Cap. VIII — A comunidade política

A submissão, não passiva, mas por razões de consciência(Rm 13, 5) ao poder constituído corresponde à ordem estabelecida por Deus. São Paulo define as relações e os deveres dos cristãos para com as autoridades (cf. Rm 13, 1-7). Insiste no dever cívico de pagar os tributos: «Pagai a cada um o que lhe compete: o imposto, a quem deveis o imposto; o tributo, a quem deveis o tributo; o temor e o respeito, a quem deveis o temor e o respeito» (Rm 13, 7).
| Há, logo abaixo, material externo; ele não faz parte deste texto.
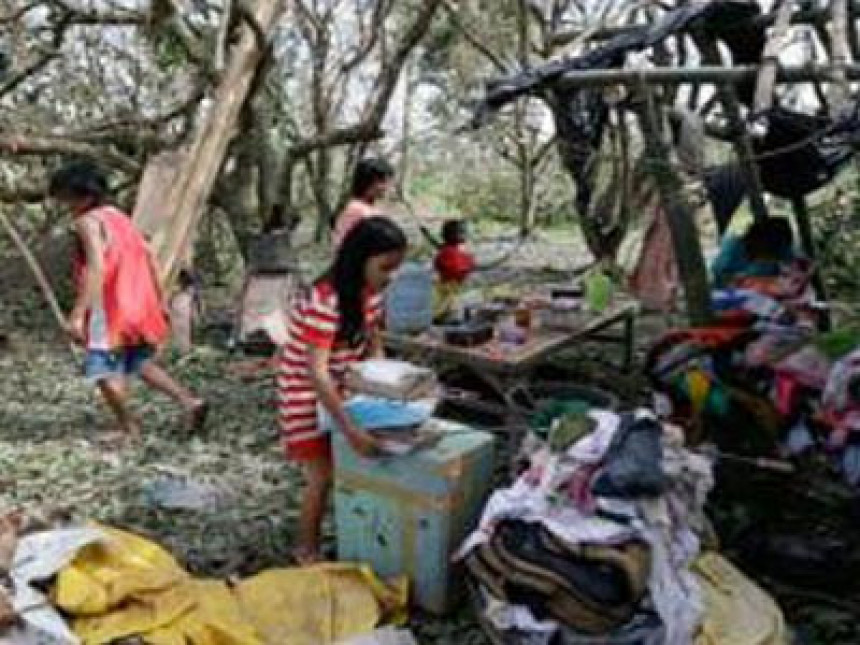 U tajfunu na Filipinima skoro 600 mrtvih, 600 nestalih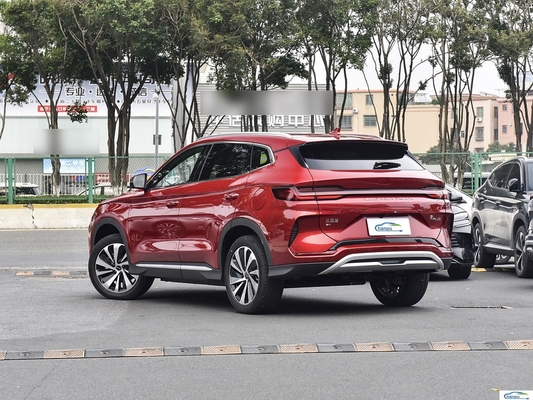 SUV elettrico a 5 porte BYD EV 2024 Honor Edition con autonomia di 605 km e powertrain avanzato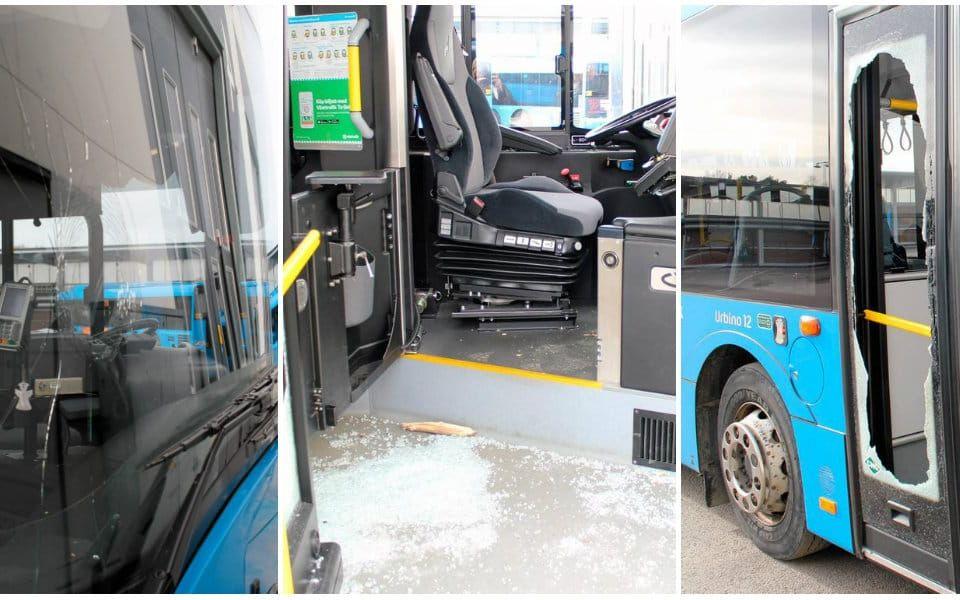 Bussdörrens ruta krossades vid händelsen och chauffören hotades flera gånger. Bild: Suzanne Werner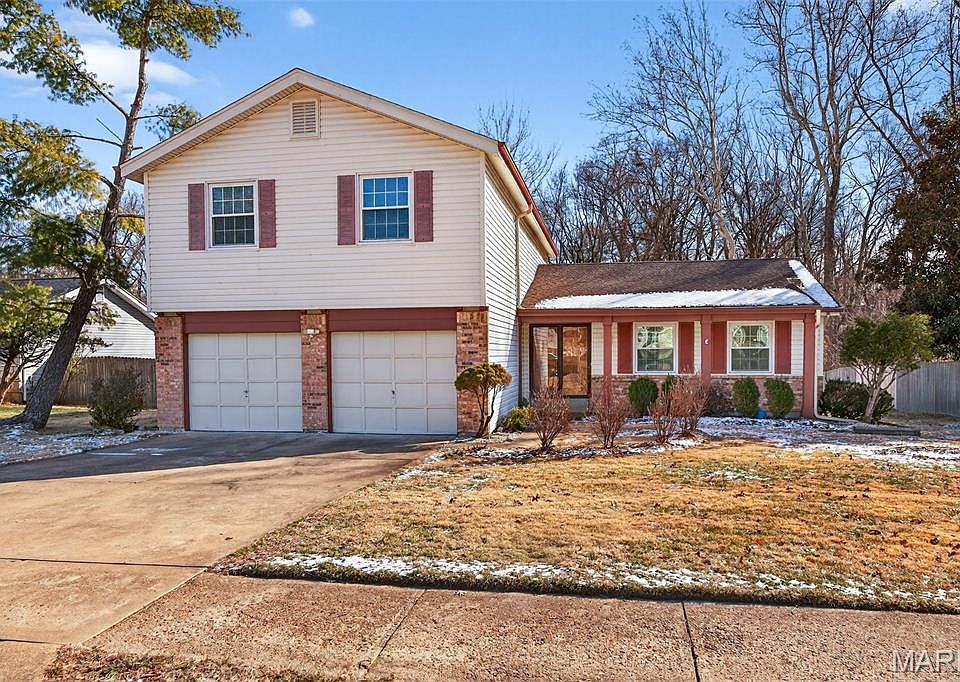 1st image of 15024 Lake Clay Dr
O Apóstolo certamente não pretende legitimar todo poder, pretende antes ajudar os cristãos a «fazer o bem diante de todos os homens» (Rm 12, 7), também nas relações com a autoridade, na medida em que esta está ao serviço de Deus para o bem da pessoa (cf. Rm 13, 4; 1 Tm 2, 1-1; Tt 3, 1) e «para fazer justiça e exercer a ira contra aquele que pratica o mal» (Rm 13, 4). São Pedro exorta os cristãos a submeter-se «a toda autoridade humana por amor a Deus» (1 Pe 2, 13). O rei e os seus governadores têm a função de «punir os malfeitores e premiar os bons» (cf. 1 Pe 2, 14). A sua autoridade deve ser «honrada», isto é, reconhecida, porque Deus exige um comportamento reto, que «emudeça a ignorância dos insensatos» (1 Pe 2, 15). A liberdade não pode ser usada para cobrir a própria malícia, mas para servir a Deus (cf. ibidem). Trata-se portanto de uma obediência livre e responsável a uma autoridade que faz respeitar a justiça, assegurando o bem comum.